Since OPEX (Operational Expenses) is a key target in data centers, multiple power saving solutions were proposed. Two technologies were widely used and deployed, namely: Dynamic Voltage and Frequency Scaling (DVFS), and Dynamic Power Management (DPM) [1] . The project of DPM explores some technologies that are concerned with improving the issue of conserving power capabilities in the platforms that are based on software that is open source. The techniques that can be applied to running systems are the ones of the highest interest; parameters are adjusted instantly while meeting the deadlines of running software. The other technique is DVFS, which is a technique where it is possible to adjust the microprocessors’ frequency to save energy. In this technique, the CPU clock frequency is decreased to reduce power consumption [2] . A down side of DPM is that energy is wasted during mode-switching in processors. Thus, we focus on studying the DVFS in this work.
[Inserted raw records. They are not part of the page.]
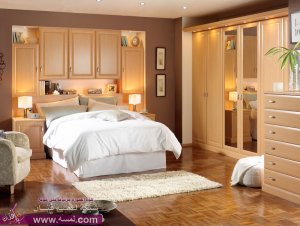 صور غرف نوم 2014 اجمل غرف نوم ديكورات جديدة للعرايس 2015 bedroom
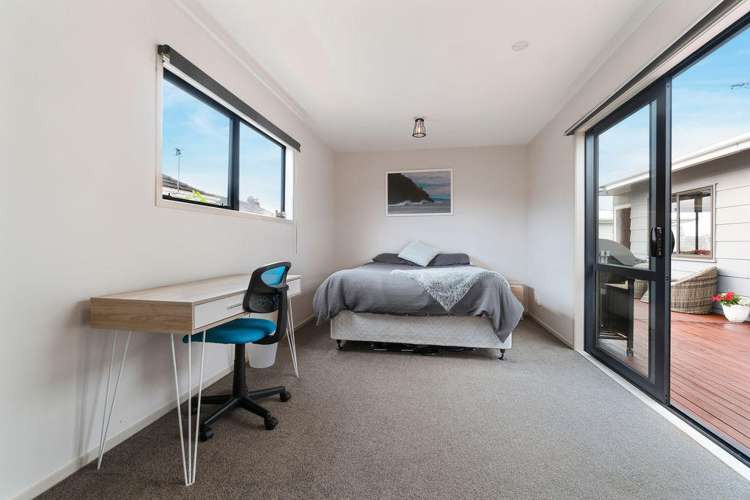 44b Matipo Road Te Atatu Peninsula_11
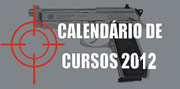 Calendário 2008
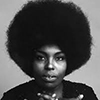 Roberta Flack 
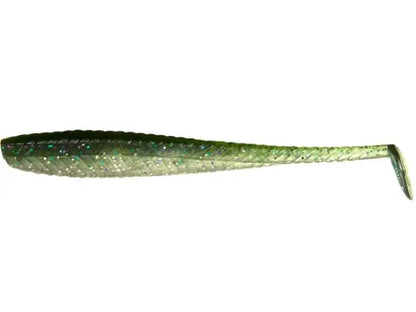 Shad Pontoon21 Ratta 416 Ratta 416 3.25inci (8.2cm)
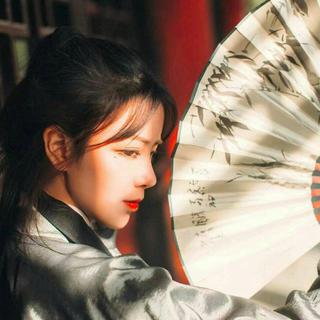 〈世末歌者〉纯净男女声古风系歌曲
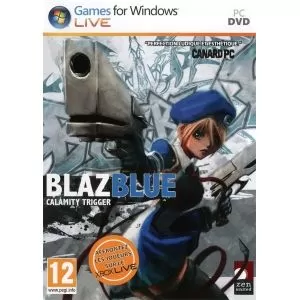 27407_blazbluecalamitytriggerpc_38160_1_1366556593.webp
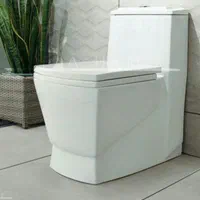 فروش ویژه فرنگی مروارید با تخفیف ۱۸ درصد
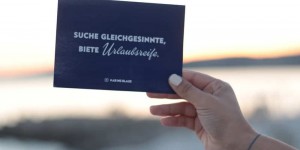 Beitragsbild des Blogbeitrags Dem Sommer hinterher! | Kroatien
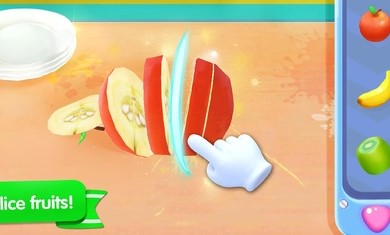 雪糕工厂v9.12.00.00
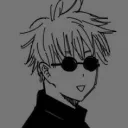 bradon_123_00774 avatar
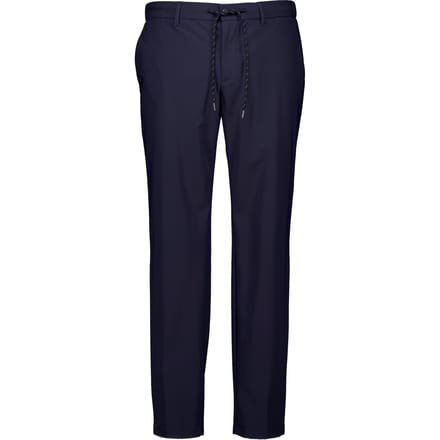 Alberto  Chino Blauw 4855 1935 899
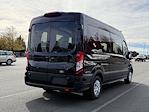 New 2026 Ford Transit 350 XLT Passenger Van for sale #C260478 - photo 2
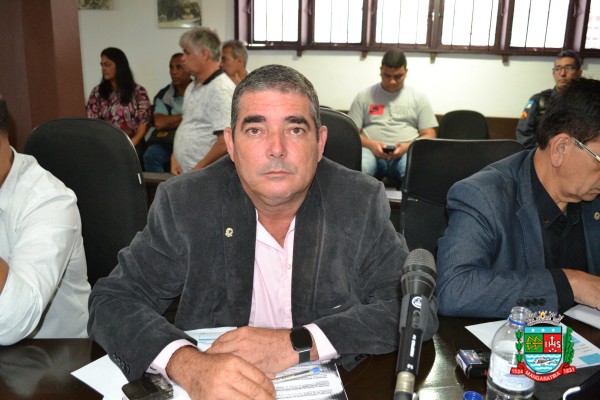 Sessão Ordinária 03-12-19 (17).JPG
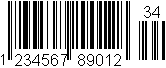 barcode_ean_13_2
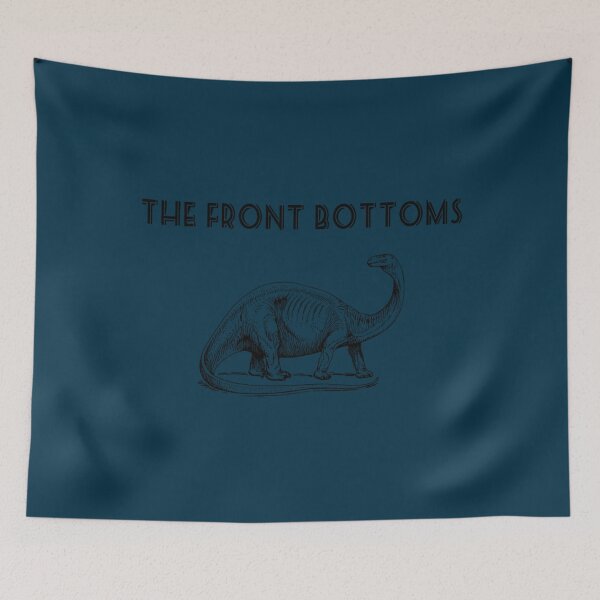 Item preview, TFB- Dinosaur    designed and sold by ChapmanDemello.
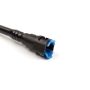 ACDelco - Fuel Injection Feed Lines for 2009 CTS - 25904037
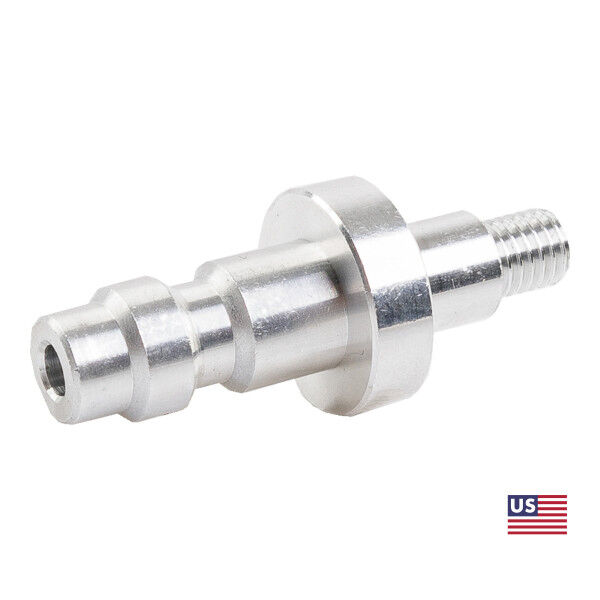 US Connector für GBB to HPA - Bild 1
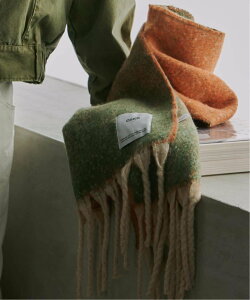 B.C STOCK s\tOSKRʒ tW VM[oCJ[}t[ x[Z[XgbN t@bVG }t[EXg[ElbNEH[}[ IW CG[yz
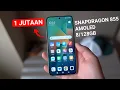 Download Lagu Hp Ex Flagship Terbaik 1 Jutaan Snapdragon 855 Tahun 2025 - Hp Performa dan Kamera Terbaik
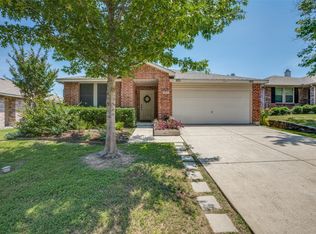 808 Lewis Canyon Ln, McKinney, TX 75071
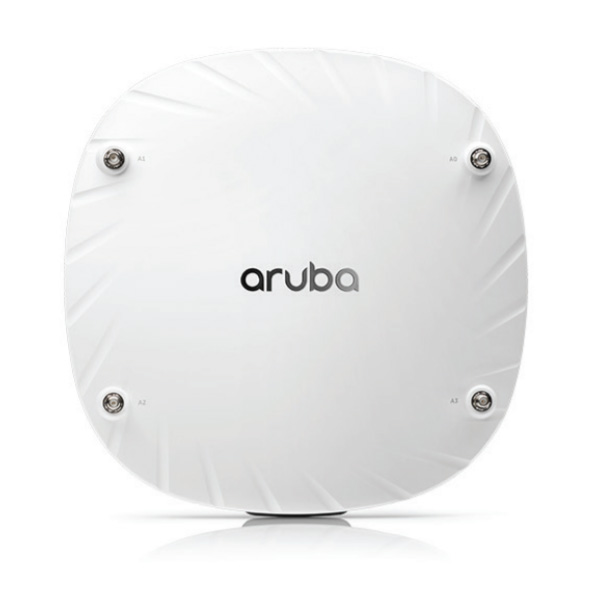 Aruba 530 Series - Image 2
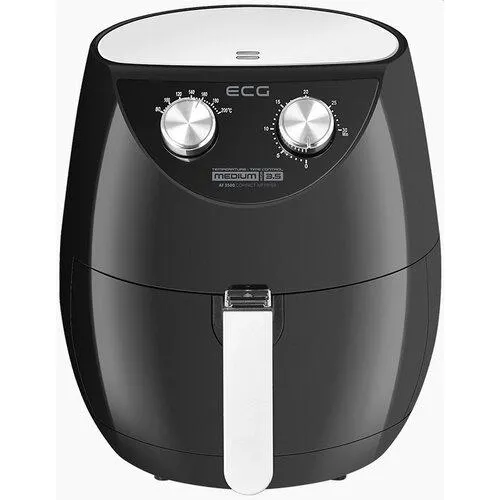 Мультипіч (аерофритюрниця)  ECG AF 3500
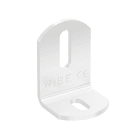 Wibe Group - 5L ZP HVIT VINKELFESTE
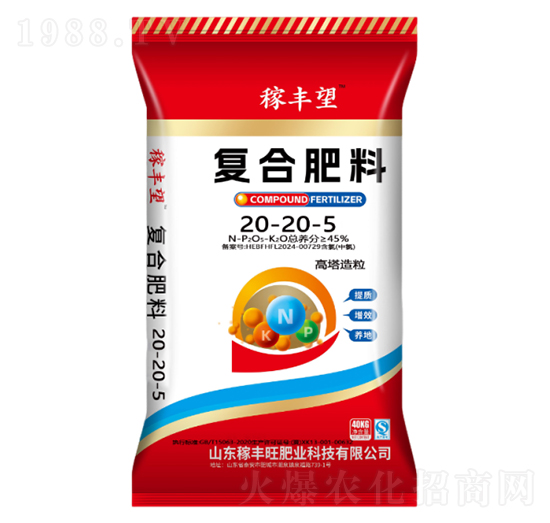 ���������ͺϷ���20-20-5-���S���ʘI(y��)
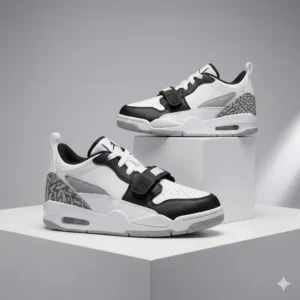 حذاء رياضي للأطفال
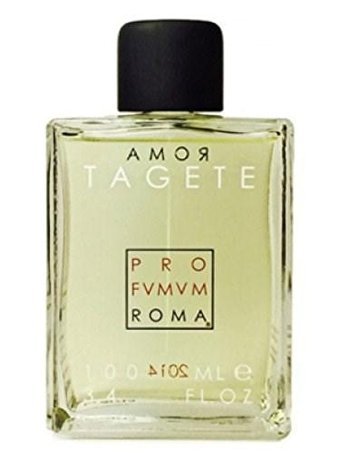 Profumum Roma Tagete EDP Çiçeksi Erkek Parfüm 100 ml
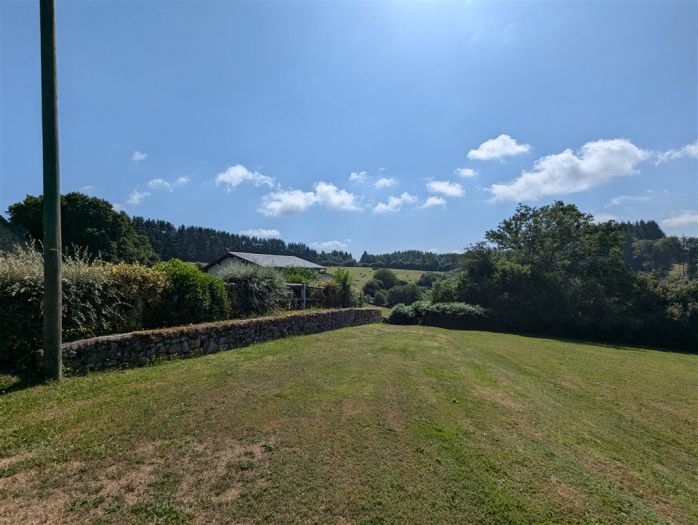 15 min USSEL : vente vente  - grande image 2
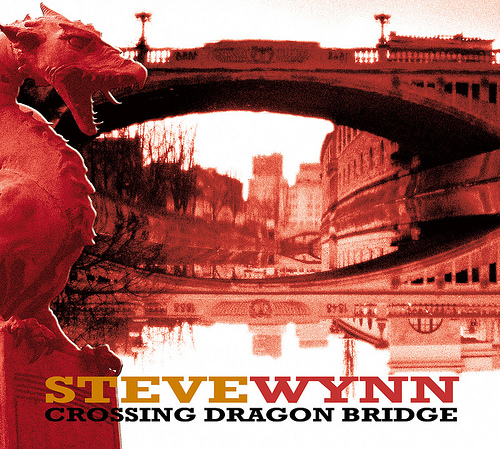 stevewynncrossingdragonbridge.jpg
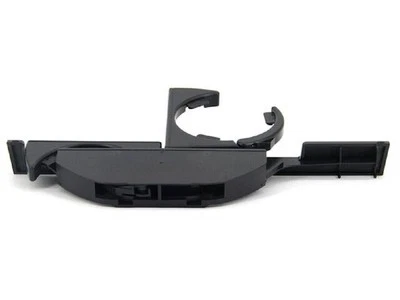 Portavasos delantero TechPro 14237GWQH 2002 1998 1999 2000 BMW 540i 1997-2003 Foto 1 de 2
According to [3] , energy consumption is somewhere between 70% and 85% of full operational power in most servers while they are in their idle mode. As a result, it can be said that a facility using just 20% of its’ operational capacity actually uses 80% of the energy as the same facility will use when it operates at 100% capacity. Hence, as server load decreases, server power consumption will remain relatively high.

In general, it can be said that data centers are any dedicated facility, and this includes buildings, complexes, and rooms, with the main function of hosting computer servers and providing some data services. In [4] , data centers are defined as including “all buildings, facilities and rooms which contain enterprise servers, server communication equipment, cooling equipment and power equip- ment, and provide some form of data service”. This encompasses wide range of facilities: from mission-critical facilities down to small server rooms located in office buildings.

Data centers are facilities that primarily contain electronic equipment used for data processing (servers), data storage (storage equipment), and communication (network equipment) [5] .

A considerable amount of heat is generated by the different components of the data center. Thus, there is a need for the temperature of these components to be controlled. Therefore, DCs are equipped with air conditioning and cooling units. This is important for data centers to remain available and reliable, which are often granted in the agreements of specific service level. This also implies adding more critical elements to data centers, e.g.; The Uninterruptable Power Supplies (UPS) as a backup power generation units [6] .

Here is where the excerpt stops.